Protests in Ethiopia have taken on a more ominous tone in the past few days. The most recent insurrection is still largely contained in the country’s northwestern regions near Lake Tana, an area populated by the Amhara ethnic group, which represents nearly 30 percent of Ethiopia’s population. But the protests now present a real contest for control over the area. Reports from opposition-leaning information channels increasingly mention armed civilians resisting security operations, and some even claim that local government officials and security forces have been ousted from several population centers. In response, the government has dispatched a large number of troops to the Amhara region over the past two days.
The most important shift in the tenor of the protests have been attempts by civilians to abolish established local administrations and statements indicating that regional councils are being formed to replace them. This is, of course, concerning to the government, and columns of troops and heavy equipment have been seen moving through Ethiopia toward the region. Prime Minister Hailemariam Desalegn said the protests were not out of control and issued assurances that they will be contained. He authorized the country’s armed forces to take “any and all” measures to restore order.
Although the government also pledged to make some minor reforms to address corruption in the ruling class, they fall far short of the larger demands by unhappy Ethiopians to end the rule of the Tigray ethnic group, which constitutes just 6 percent of the population. A regionwide crackdown against the unrest is expected, as troops move into the Gondar zone in the northern part of the Amhara region (though they have had to alter their routes to avoid barricades erected along the main roads into the protest areas).
The Amhara protests, which followed almost a year of protests by the Oromo people in other parts of the country, initially had been limited to almost daily protests or strikes in cities such as Gondar and Bahir Dar and sporadic protest marches in other areas.

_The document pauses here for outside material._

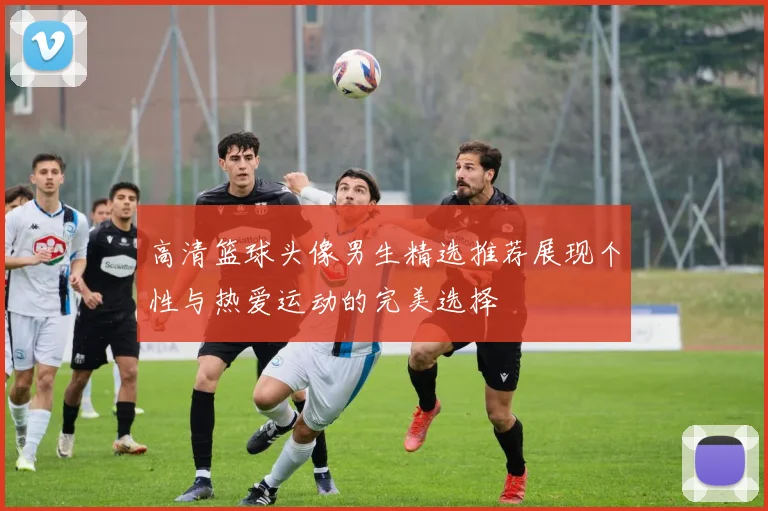 高清篮球头像男生精选推荐展现个性与热爱运动的完美选择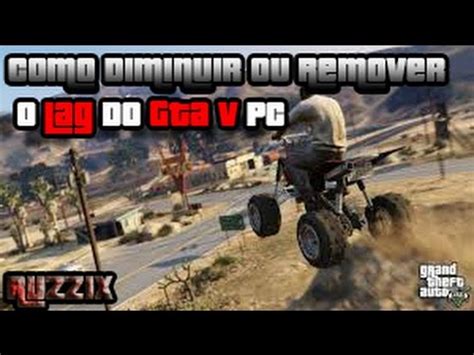 Como Tirar O Lag Do Gta V Pc How To Remove Lag From Gta V Pc Youtube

The activity has dramatically increased during the past week, however, and near constant demonstrations now pervade the core Amhara region. Instead of protesters coming to the streets to face security forces, civilians are now directly targeting military personnel and government officials — as well as their private residences — throughout the region. Those activities appear to be coordinated only locally, and there have not been signs of regionwide organization. If troops are unable to rapidly reinstate the local administrations and security forces, the region could provide a breeding ground for a further expansion of resistance to the government. If, however, the regional crackdown in progress succeeds, it will drain the protest movement of much of its momentum.